Crispy Baked or Fried Chicken Wings
Our Accounting Manager Sheva Stephens spent years developing this perfect at-home recipe for chicken wings…crispy skin, full of flavor, and a pair of perfect sauces to match! This recipe is easily scalable, to feed a few or a crowd.
Ingredients
For the Brine
- 8 Tbsp Kosher salt
- 2 quarts (8 cups) water
For the Wings
- 1 package Chicken wings 8-10 wings
- 2 tsp Baking soda
- 1 tsp Onion powder
- 1 tsp Garlic powder
- ½ tsp Cayenne pepper optional
- 2 tsp of your favorite dry BBQ rub, dry mustard rub, lemon pepper or lime pepper
Buffalo Sauce
- 1 Tbsp Butter, melted
- ¼ tsp Cayenne pepper
- ¼ tsp Freshly ground black pepper
- ¼ tsp Kosher salt
- ¼ cup Hot pepper sauce (such as Frank's)
Ginger-Soy Glaze
- 1 2-inch piece Ginger, peeled and grated
- 3 cloves Garlic, minced
- ¼ cup Honey
- 2 Tbsp Soy sauce
Instructions
- Separate wing joints: Locate the joints between the drumette, the flat, and the wing tip. Using a sharp knife, slice through these joints on each wing. Reserve the wing tips for making chicken stock, and place the drumettes and flats in a large container for brining.
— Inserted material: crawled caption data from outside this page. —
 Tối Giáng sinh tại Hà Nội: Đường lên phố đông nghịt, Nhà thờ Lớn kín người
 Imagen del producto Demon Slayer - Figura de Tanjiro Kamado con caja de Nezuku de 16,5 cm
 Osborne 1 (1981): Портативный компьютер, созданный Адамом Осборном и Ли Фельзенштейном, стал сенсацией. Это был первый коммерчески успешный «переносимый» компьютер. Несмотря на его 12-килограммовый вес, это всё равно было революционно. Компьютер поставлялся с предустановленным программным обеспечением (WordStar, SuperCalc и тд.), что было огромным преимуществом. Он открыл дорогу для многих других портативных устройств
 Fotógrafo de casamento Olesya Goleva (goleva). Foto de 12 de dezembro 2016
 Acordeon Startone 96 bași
- Combine 2 quarts water and 8 Tbsp kosher salt, ensuring the salt is completely dissolved. Add this brine to the wings, ensuring they are completely submerged. If you need additional brine, use a ratio of 4 Tbsp kosher salt to 4 cups (1 quart) water. Cover and refrigerate for 2-5 hours.
- Drain wings, discarding brine. A few at a time, dry wings thoroughly with paper towels. The final crispness of the skin will depend on how dry the wings are, so make sure to dry them thoroughly. Place wings in a large bowl after drying.
- Combine baking soda, onion powder, garlic powder and cayenne pepper in a small bowl. Sprinkle this mixture over the wings a little at a time and toss to evenly coat.
For Baked Wings
- Place wings in a single layer on a parchment-lined baking sheet. Place baking sheet uncovered in the refrigerator for 20 minutes (this time allows the skin to dry further). Preheat oven to 400º and bake 45-60 minutes, until skin is very crispy.
For Deep Fried Wings
- Place wings in a single layer on a baking sheet. Place baking sheet in the refrigerator for 25 minutes (this time allows the skin to dry further). Heat peanut oil in a dutch oven or fryer to 350º. Fry wings until they float. Drain on paper towels.
After Cooking
- Sprinkle wings with your favorite dry BBQ rub, mustard rub, lemon pepper or lime pepper. Toss to coat.
- For sauced wings, place cooked wings in a large bowl. Combine all ingredients for one of the sauces (listed above) in a small bowl. Pour sauce over wings and toss to coat.
- Serve with celery and blue cheese dressing.